▶ **DATA RECORDS**:
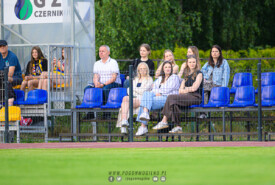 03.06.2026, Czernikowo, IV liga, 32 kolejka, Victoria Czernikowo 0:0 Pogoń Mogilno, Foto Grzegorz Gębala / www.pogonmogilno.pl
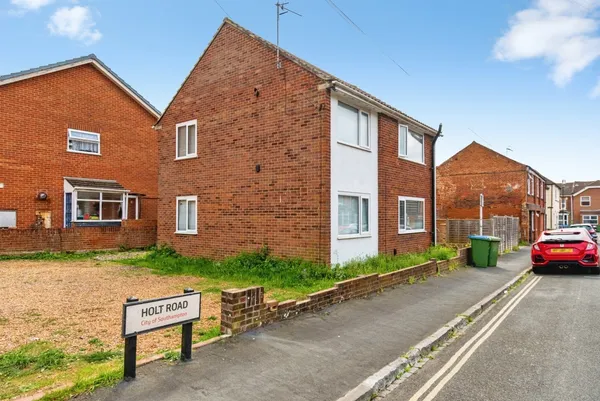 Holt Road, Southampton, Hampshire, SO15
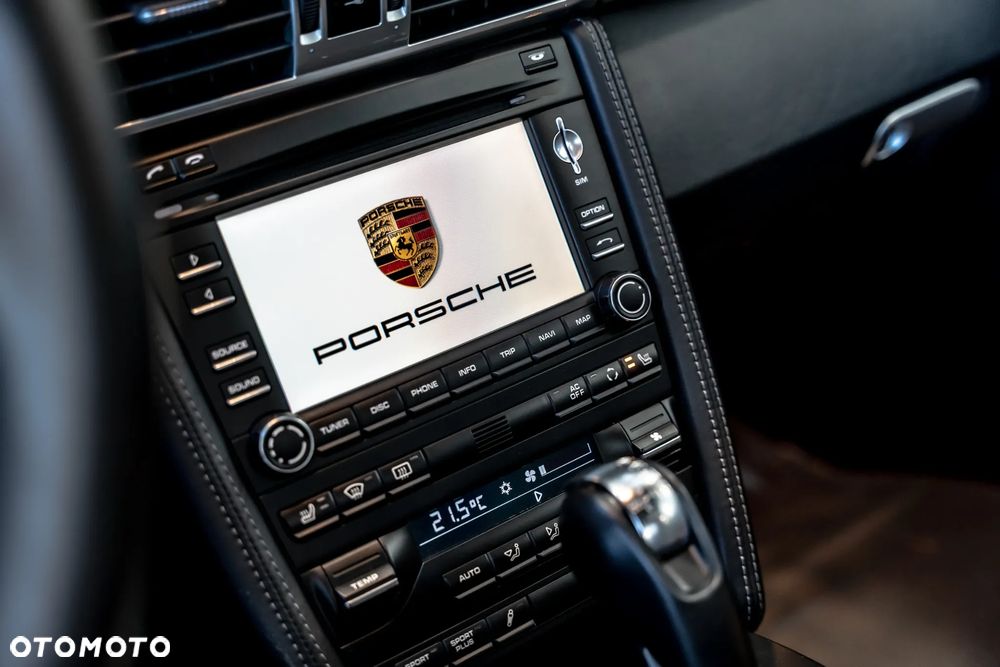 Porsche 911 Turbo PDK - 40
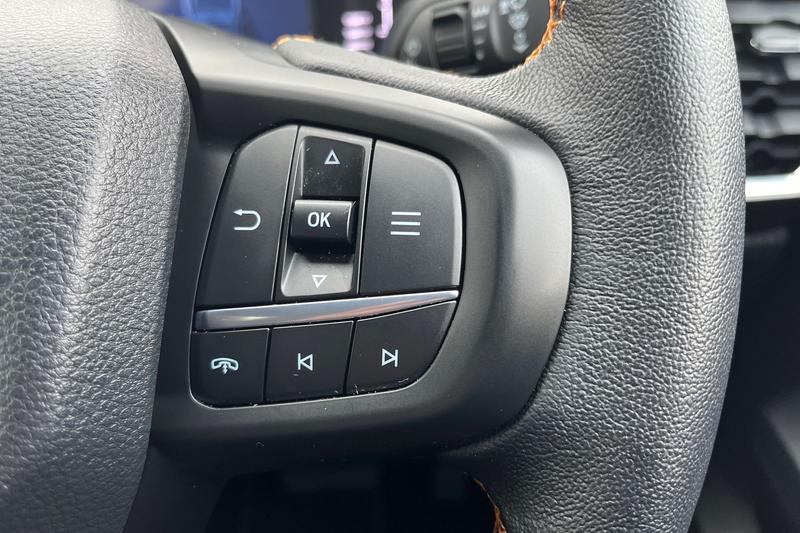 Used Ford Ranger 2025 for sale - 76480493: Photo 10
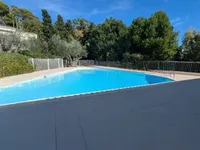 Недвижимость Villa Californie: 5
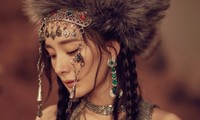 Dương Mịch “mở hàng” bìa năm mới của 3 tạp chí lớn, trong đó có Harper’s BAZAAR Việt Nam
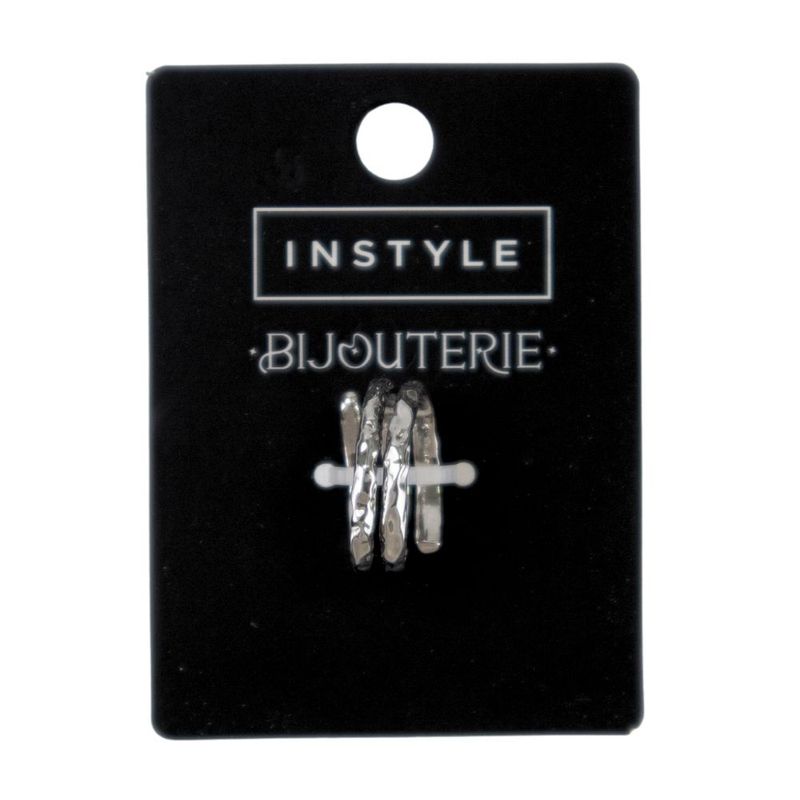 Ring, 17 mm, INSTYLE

▶ **WORK REQUEST**:
What is needed is an exact reprint of every entry, pictures excluded.

▶ **WRITTEN SOLUTION**:
 03.06.2026, Czernikowo, IV liga, 32 kolejka, Victoria Czernikowo 0:0 Pogoń Mogilno, Foto Grzegorz Gębala / www.pogonmogilno.pl
 Holt Road, Southampton, Hampshire, SO15
 Porsche 911 Turbo PDK - 40
 Used Ford Ranger 2025 for sale - 76480493: Photo 10
 Недвижимость Villa Californie: 5
 Dương Mịch “mở hàng” bìa năm mới của 3 tạp chí lớn, trong đó có Harper’s BAZAAR Việt Nam
 Ring, 17 mm, INSTYLE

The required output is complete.